Preprocessing
- preprocessing.dendrogram(adata, cluster_header, *, plot=False, save=False, figsize=(12, 2), output_folder='', outputfilename_suffix='', **kwargs)
Generating a dendrogram from the AnnData object.
Parameters
- adata: AnnData
Annotated data matrix.
- cluster_header: str
Column in adata.obs storing cell annotation. Passed into scanpy’s dendrogram as groupby.
- plot: bool (default: False)
Whether to use sc.pl.dendrogram instead of sc.tl.dendrogram.
- save: bool | str (default: False)
Whether to save plot in output_folder. If string, choose the type of file to save as (‘png’(default), ‘svg’, ‘pdf).
- figsize: tuple (default: (12, 2))
figure.figsize for plt.rc_context.
- output_folder: str (default: “”)
Output folder. Created if doesn’t exist.
- outputfilename_suffix: str (default: “”)
Suffix for all output files.
- kwargs: dictionary (default: None)
Additional parameters to pass to sc.tl.dendrogram or sc.pl.dendrogram.
Returns
does not return anything. Adds adata.uns[“dendrogram_{cluster_header}”] to passed in adata.
- preprocessing.prep_medians(adata, cluster_header, use_mean=False, positive_genes_only=True)
Calculating the median expression matrix.

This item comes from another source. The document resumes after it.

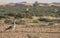 Houbara bustard in a desert near dubai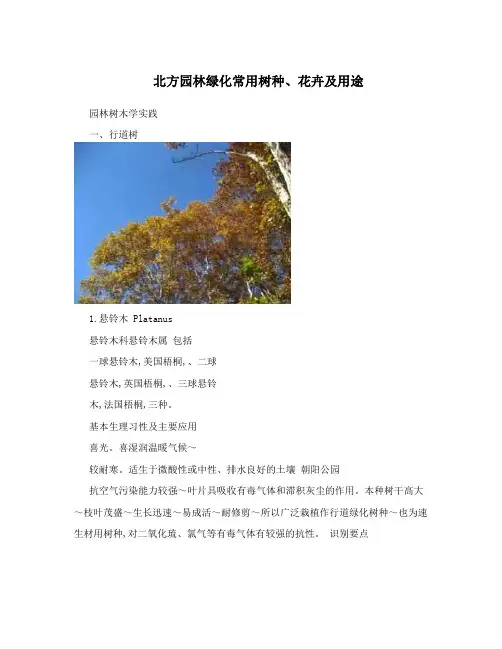 北方园林绿化常用树种、花卉及用途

Subsetting adata if positive_genes_only = True.
Parameters
- adata: AnnData
Annotated data matrix.
- cluster_header: str
Column in adata.obs storing cell annotation.

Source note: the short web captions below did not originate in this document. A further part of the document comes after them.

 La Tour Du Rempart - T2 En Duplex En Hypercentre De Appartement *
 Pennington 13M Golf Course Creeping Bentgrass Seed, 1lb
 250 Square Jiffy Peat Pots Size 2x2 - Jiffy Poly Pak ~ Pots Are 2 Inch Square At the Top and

- use_mean: bool (default: False)
Whether to use the mean (vs median) for minimum gene expression threshold.
- positive_genes_only: bool (default: True)
Whether to subset AnnData to only have genes with median/mean expression greater than 0.
Returns
- adata: AnnData
AnnData with median expression values stored in adata.varm[“medians_{cluster_header}”].

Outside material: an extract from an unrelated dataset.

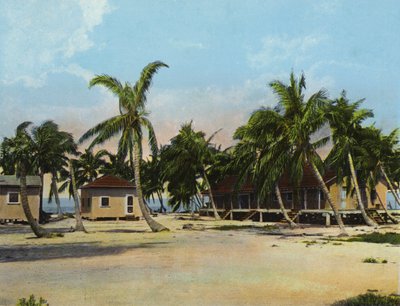 Cottages at Long Key Fishing Camp by American Photographer (after)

- preprocessing.get_medians(adata, cluster_header, use_mean=False)
Calculating the median (mean) expression per gene for each cluster_header.
Parameters
- adata: AnnData
Annotated data matrix.
- cluster_header: str
Column in adata.obs storing cell annotation.
- use_mean: bool (default: False)
Whether to use the mean (vs median) for minimum gene expression threshold.
Returns
- cluster_medians: pd.DataFrame
Gene-by-cluster median (mean) expression dataframe.
- preprocessing.prep_binary_scores(adata, cluster_header, medians_header='medians_')
Calculating the binary scores of each gene per cluster_header.
Parameters
- adata: AnnData
Annotated data matrix.
- cluster_header: str
Column in adata.obs storing cell annotation.
- medians_header: str (default: “medians_{cluster_header}”)
Key in adata.varm storing median expression matrix.
Returns
- adata: AnnData
AnnData with binary scores stored in adata.varm[“binary_scores_{cluster_header}”].